What you return must match the listing below line for line, minus its pictures.

▶ [Source material]

* * *

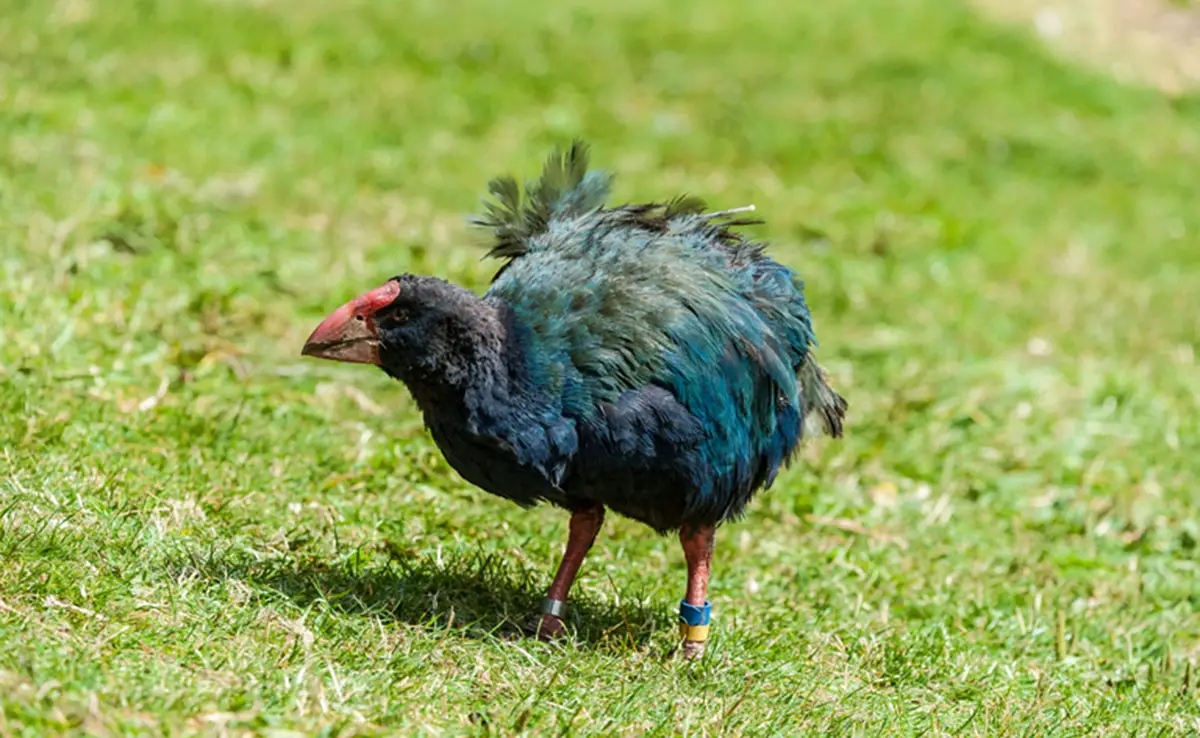 Südlicher Takahé, prähistorischer Vogel aus Neuseeland!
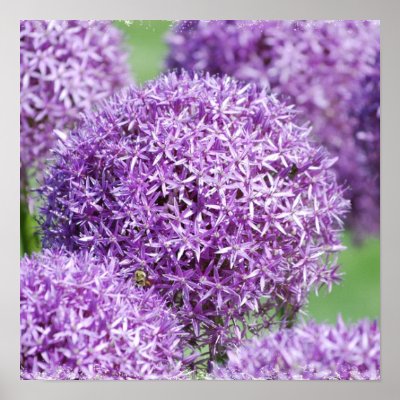 Allium Flowers Poster by PerennialGardens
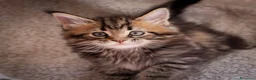 Maine Coon gatti in vendita: Gattina splendita dall'allevamento Mainemarie - Annuncio 5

* * *

▶ [Written answer]
 Südlicher Takahé, prähistorischer Vogel aus Neuseeland!
 Allium Flowers Poster by PerennialGardens
 Maine Coon gatti in vendita: Gattina splendita dall'allevamento Mainemarie - Annuncio 5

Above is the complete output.